* Task directions:
Reproduce the data in full, exactly as given, leaving images out.

* Supplied information:
*** Begin section ***

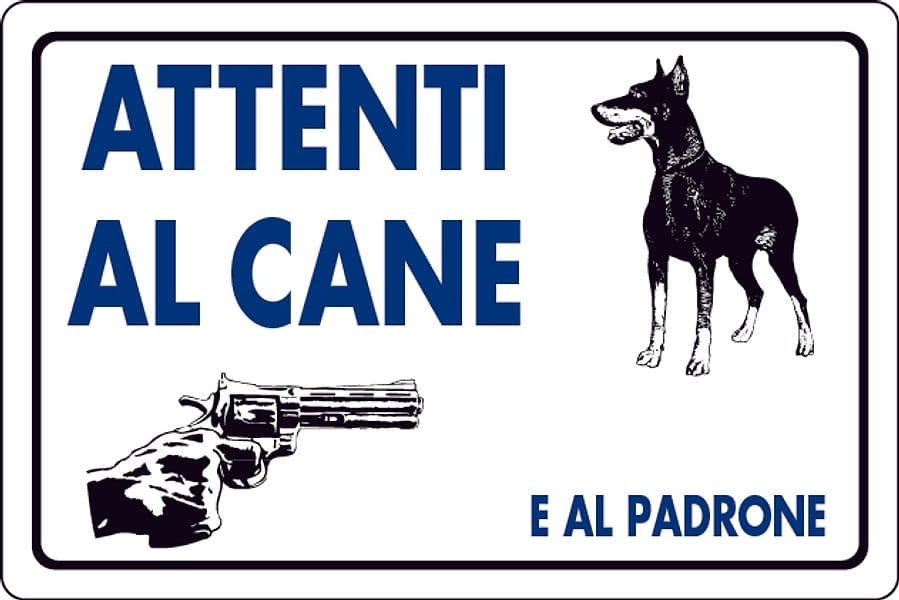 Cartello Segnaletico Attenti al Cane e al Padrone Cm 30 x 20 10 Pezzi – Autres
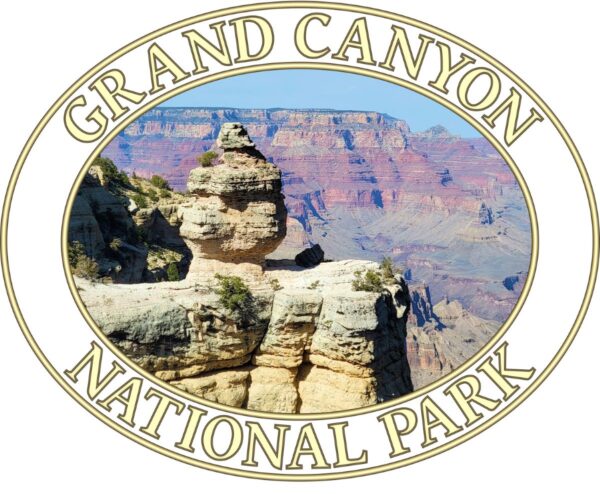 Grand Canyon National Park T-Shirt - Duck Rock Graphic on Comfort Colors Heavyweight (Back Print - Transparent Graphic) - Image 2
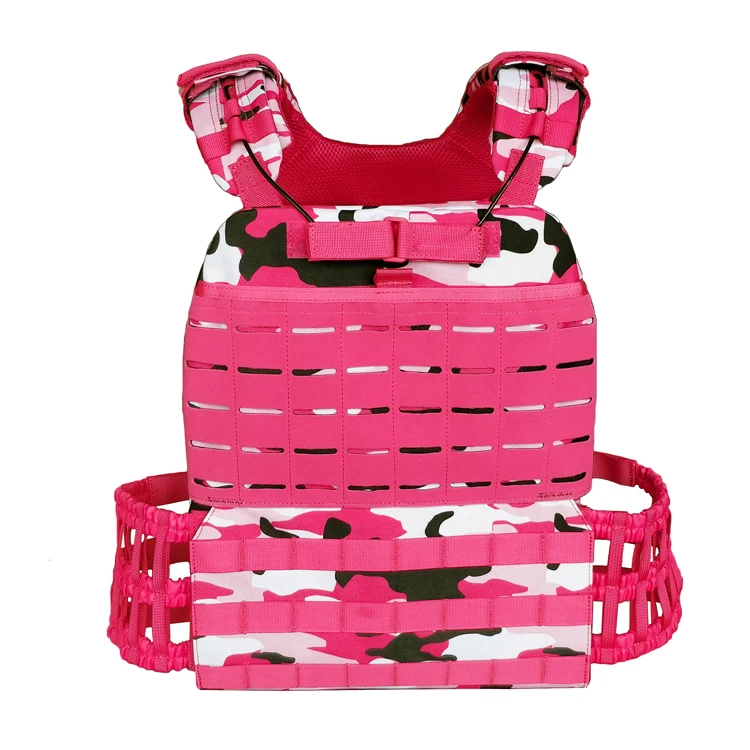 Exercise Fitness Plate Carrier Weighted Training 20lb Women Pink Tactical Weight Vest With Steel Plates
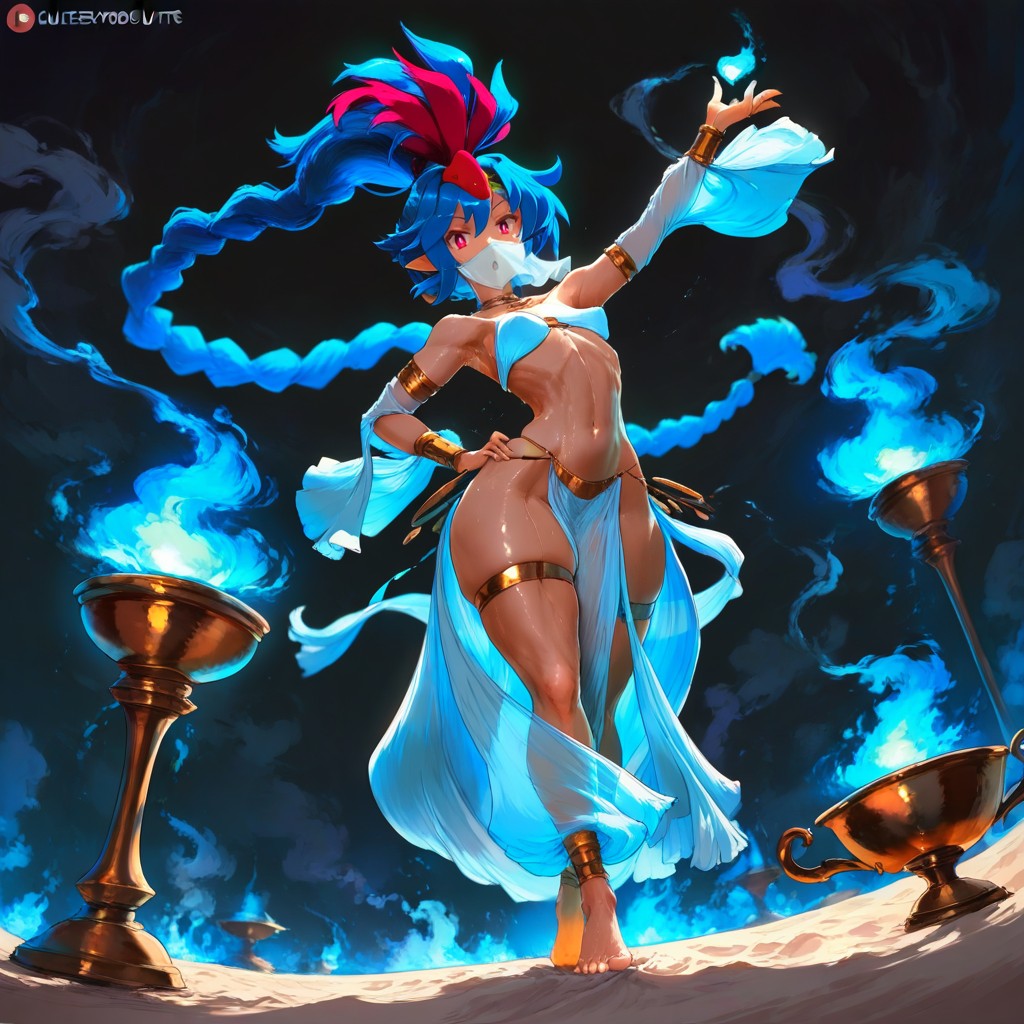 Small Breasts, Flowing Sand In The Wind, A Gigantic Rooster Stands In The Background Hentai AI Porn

*** End section ***

* Written reply:
 Cartello Segnaletico Attenti al Cane e al Padrone Cm 30 x 20 10 Pezzi – Autres
 Grand Canyon National Park T-Shirt - Duck Rock Graphic on Comfort Colors Heavyweight (Back Print - Transparent Graphic) - Image 2
 Exercise Fitness Plate Carrier Weighted Training 20lb Women Pink Tactical Weight Vest With Steel Plates
 Small Breasts, Flowing Sand In The Wind, A Gigantic Rooster Stands In The Background Hentai AI Porn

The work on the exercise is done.